1923’ten günümüze 20.62 trilyon dolar katma değer ürettik

Özcan KADIOĞLU
Özcan KADIOĞLU RAKAMLARIN DİLİ [email protected]

Ülkelerin ekonomik büyüklüğü ölçmek için ekonomi çevreleri iki yol izlemektedir.

1) Nominal gayri safi milli hâsıla

Bir ülkede belirli bir dönem içinde (3 ay, 1 yıl) üretilen bütün nihai mal ve hizmetlerin piyasa fiyatları üzerinden toplanmasıyla oluşan toplam değere gayrisafi yurtiçi hasıla (ya da kısaca GSYH) denir. Bir ülkede yıl içinde üretilen tüm ürünlerin sayısının fiyatı ile çarpılması ile hesaplanır. Diğer ülkeler ile karşılaştırma yapabilmek için o yıl içindeki ortalama dolar kuruna göre çıkan rakam bölünerek bulunur.

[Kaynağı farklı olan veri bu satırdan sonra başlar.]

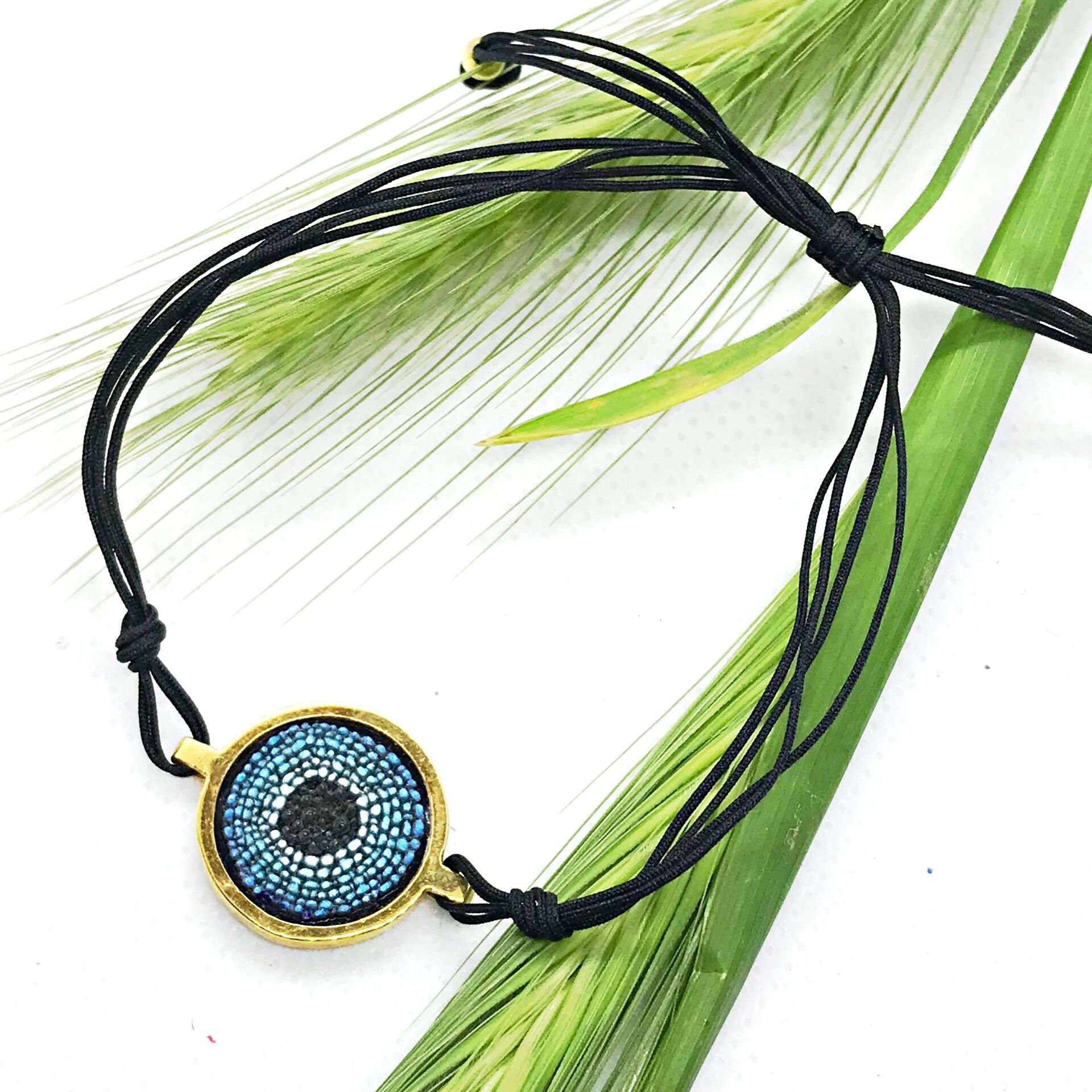 Mikro Mozaik Nazarlık Göz Gümüş İpli Bileklik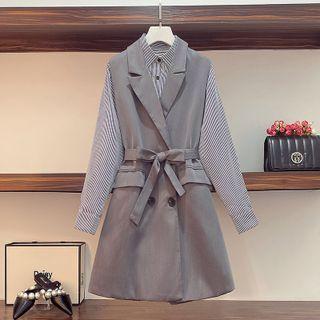 Striped Shirt / Notch Lapel Vest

2) Satın alma gücüne paritesine göre gayri safi milli hâsıla

Satın alma gücü paritesi (SAGP) ülkeler arasındaki fiyat düzeyi farklılıklarını ortadan kaldırarak farklı para birimlerinin satın alma güçlerini eşitleyen bir değişim oranını ifade ediyor. Kısacası aynı ürünü ülkelerdeki fiyatını karşılaştırıp elde edilen gelirle ne kadar aynı üründen alınabildiğine bakar. Yani kısaca aynı cins 1 kilo elma veya portakal fiyatını karşılaştırır. Bu alanda yapılan hesapta sadece ihraç edilebilecek ürünlerin ülkelerdeki fiyatına bakar. Saç kesimi veya eve gelen bir ustaya ödenen ücret gibi hizmet sektörünü kapsamaz ve bu alanlarda karşılaştırma yapılmaz. Bu kısa bilgi sonucu bende 1923 yılından günümüze ne kadar katma değer yarattığımızı hesaplamaya çalıştım. Verilerin tamamı Türkiye ve ABD İstatistik Kurumu verileridir.

Ülkemizde ilk nüfus sayımı 1927 yılında yapıldığı için 1923-1927 yılları arasındaki dönemdeki nüfus’u da 1927 yılındaki nüfus’a eşit aldım.1927-1935 yılları arasında ülke nüfusunda zaten ciddi bir değişiklik yok. Küçükte olsa mutlaka hata payı bulunuyor olabilir. Bu hata payı genel rakamları çok fazla değiştirebilecek etkileyebilecek düzeyde olmayacaktır.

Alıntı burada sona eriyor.